The 2007 Audit Reports can be accessed on the City web site from here.

E.D.
18 July 2008

 

UPDATE – 23 AUGUST 2008

Greenspace Alliance interviewed about the AG Report

Bill Royds posted the following to the GA List on August 18, 2008:

I was interviewed by Ottawa XPress after Erwin could not. Here is the published story.

August 7th, 2008 — Community Garden

Greenspace Alliance vs. Auditor-General’s Bill  by Sara Falconer

It’s not exactly an exciting title: The Office of the Auditor-General 2007 Annual Report. Indeed, it was released with barely a blip on the public radar. But for those who took the time to read it, it painted a detailed picture of a city with processes that are deeply flawed – a city, says Bill Royds, “with no consistent vision of the future.”

“We tend to support the auditor-general because one of the things he keeps on pointing out is the disarray in the city government processes,” says Royds, director of the Greenspace Alliance.

Alain Lalonde has been Ottawa’s auditor-general since 2004. It’s great to have an outside watchdog, Royds points out, but only if people are listening.

“It’s not a soundbite,” he explains. “Part of the problem is that city politics, like national politics, is not something that you can take 50 words and summarize.

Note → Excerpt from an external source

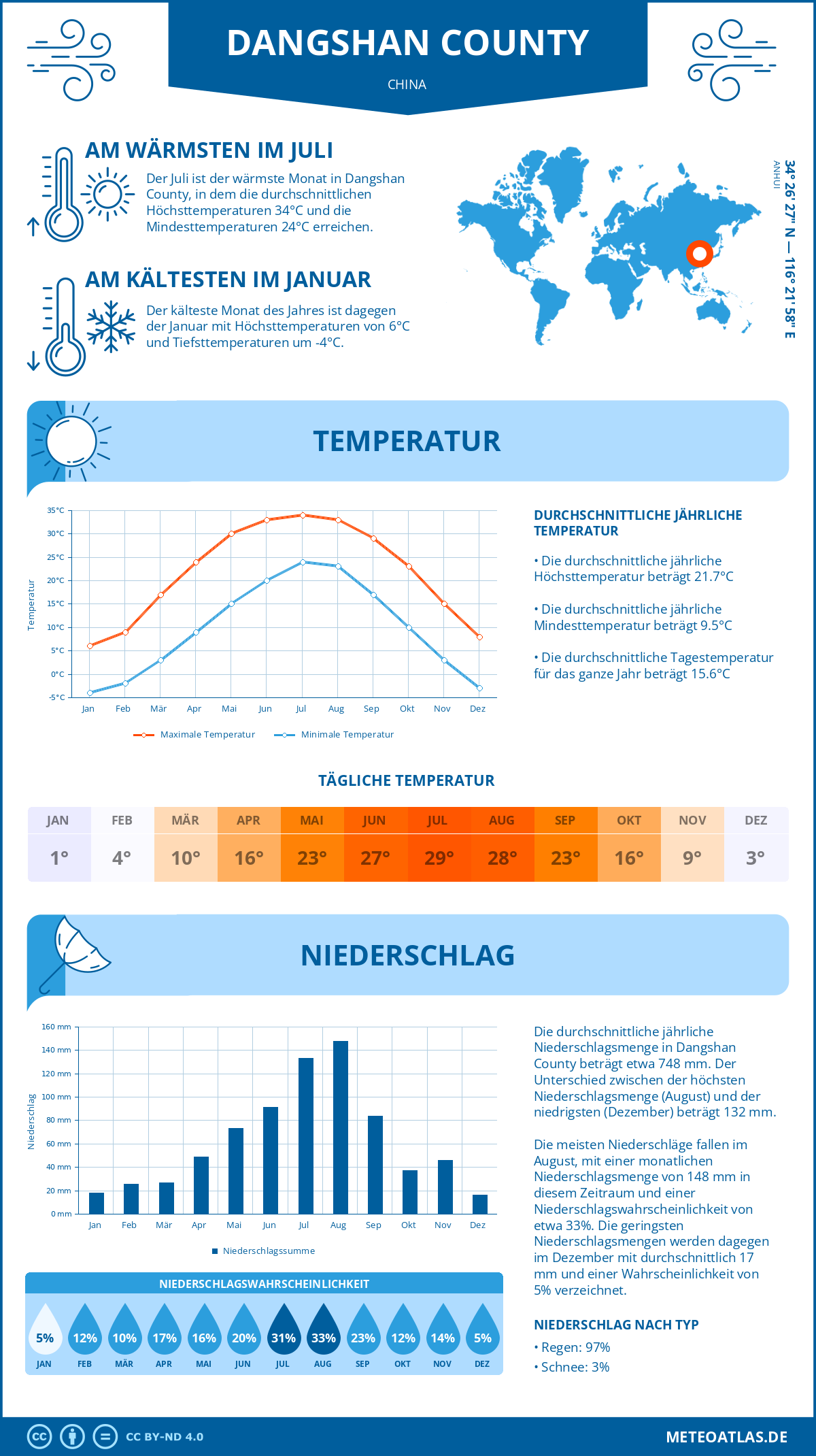 Wetter Dangshan County (China) - Temperatur und Niederschlag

It’s nuanced.” The main report is a staggering 304 pages long, with subreports on different areas adding hundreds more. The city officially published the report but did little to promote it – unsurprisingly, as it’s extremely critical of the status quo.

The Greenspace Alliance submitted a response to the report, particularly pertaining to the Audit of the Development Review Process.

“We were the organization, along with a couple of others, that said to review it in the first place,” he explains. The group has also actively campaigned against the unchecked development of Kanata West along the Carp River.

“Under various policies we’re supposed to have commitments for retaining green space and trees, but there are no actual policies in place… all development is done piecemeal,” he says. “We’re trying to preserve green spaces and the city is trying to make it easier to develop green spaces than brown spaces like rail yards and parking lots. Of course, fields are cheaper to build on because they don’t have to rehabilitate the land.”

Developers in green fields should be paying more for development costs to build infrastructure like sewers, he argues. Lalonde’s report revealed that by not doing so, Ottawa taxpayers are subsidizing developers to the tune of $4.3-million. The city charges less for these development fees than other Ontario municipalities.

“Saving the environment would actually save us money,” Royds says.

Moving forward, city managers will be hampered by a major problem with the 20/20 Growth Management Strategy – inflated population growth estimates that were calculated in 2003, which the Greenspace Alliance objected to at the time.

“They took the fastest growth period that Ottawa ever had, and assumed that the population would grow at that rate for the next 20 years. That’s just silly.”

The 2007 review offers numbers that are more realistic, Royds says. “But that basically throws all of their plans for 2020 out of whack, so they have to start all over again.”